Em síntese, as instituições de ensino superior (IES) exercem sobre o meio envolvente inúmeros efeitos, quer no lado da procura (por exemplo, por via dos rendimentos associados à sua atividade) quer no lado da oferta (por exemplo, ao nível do conhecimento associado aos seus graduados e às atividades de investigação realizadas), os quais interagem entre si. Este conjunto de efeitos é de crucial importância para regiões económica e demograficamente deprimidas, sendo certo que, mesmo no caso de regiões economicamente mais favorecidas, não é despiciente. Além disso, dado o caráter cíclico do funcionamento das economias, a presença de IES nos territórios pode constituir-se como um fator de atenuação dos efeitos de decréscimo da atividade económica. Contudo, os efeitos territoriais das IES não dependem exclusivamente delas próprias nem do aumento de procura associado aos rendimentos distribuídos e às aquisições realizadas. A capacidade de interação com os restantes agentes económicos, sociais ou culturais, públicos e privados, presentes no território, determina em grande parte o conjunto dos efeitos obtidos, analisados pelo lado da oferta.

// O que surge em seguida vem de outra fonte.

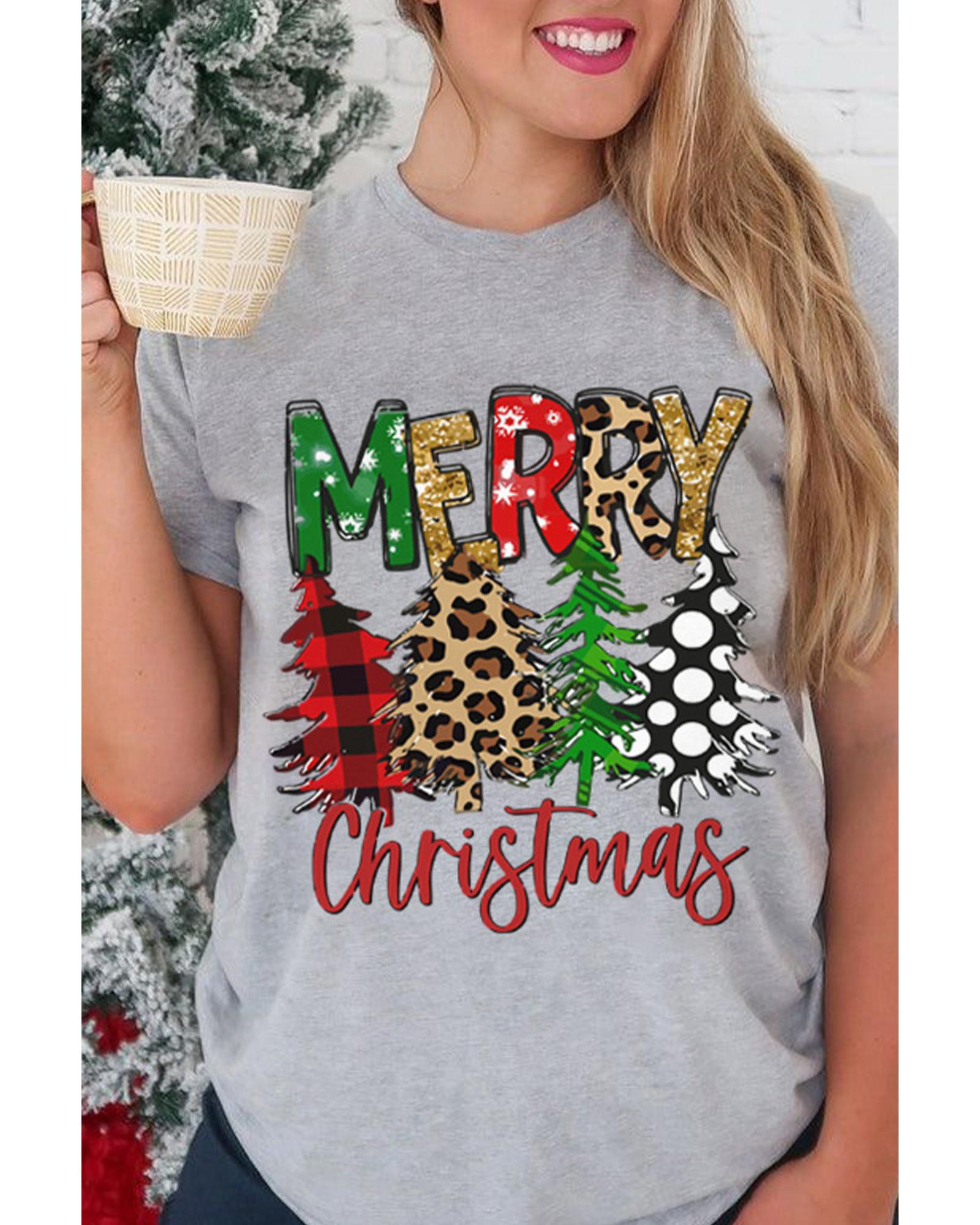 V539-AZEXDC25219043-11-S-161804-00 Azura Exchange Christmas Tree Pattern Crew Neck Graphic Tee - S - Image 1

De facto, os efeitos das IES decorrentes do exercício das suas funções – ensino, investigação e extensão – são tanto mais significativos quanto mais o território apropriar os ‘outputs’ das IES. Assim, i) as IES contribuirão tanto mais para melhorar/aumentar a qualificação da população de um território quanto mais diplomados ficarem retidos/empregados nessa região; ii) o papel das IES na transferência de know-how, inovação e tecnologia para as empresas e para as instituições será tanto maior quanto mais estas entidades interagirem com as IES. Se o conhecimento avançado produzido nas IES não for relevante para as empresas e se as IES não souberem quais são as necessidades das empresas, dificilmente haverá transferência de conhecimento.

As instituições de ensino superior, enquanto geradoras do número de indivíduos com formação superior, que se empregam nas diversas regiões do país, têm desempenhado, obviamente, um papel crucial, nas diversas regiões, no desenvolvimento do mercado de trabalho em geral, e, em particular, no mercado de trabalho do seu principal output, ou seja dos quadros superiores em geral e, em particular, no mercado de trabalho de indivíduos com formação superior.

 

Algumas características da rede de ensino superior em Portugal

O sistema de ensino superior em Portugal é complexo e organiza-se, genericamente, em torno de instituições públicas e privadas, de tipo universitário e politécnico, que se localizam ao longo de todo o país. A oferta de ensino superior em Portugal faz-se em cerca de cento e vinte e oito instituições, maioritariamente privadas sendo os estabelecimentos de ensino politécnico mais numerosos que os universitários (gráfico 1).

Contudo, quando escolhemos como variável de análise o número de vagas disponíveis (gráfico 2), constatamos que a maioria pertence ao ensino superior público, sendo muito próxima a divisão dos lugares disponíveis entre o ensino universitário e o politécnico. No ano letivo 2011/2012, os estabelecimentos de ensino superior disponibilizaram cerca de 86883 vagas para novos estudantes. Entre os estabelecimentos de ensino superior privado, a maioria das vagas está concentrada nas instituições universitárias. Os dados anteriores revelam que a dimensão média das instituições, avaliada através do número médio de vagas por instituição, é maior no caso de ensino superior público (cerca 1551,7 vagas por estabelecimento) por comparação com o subsistema privado (cerca de 350,2 vagas por instituição).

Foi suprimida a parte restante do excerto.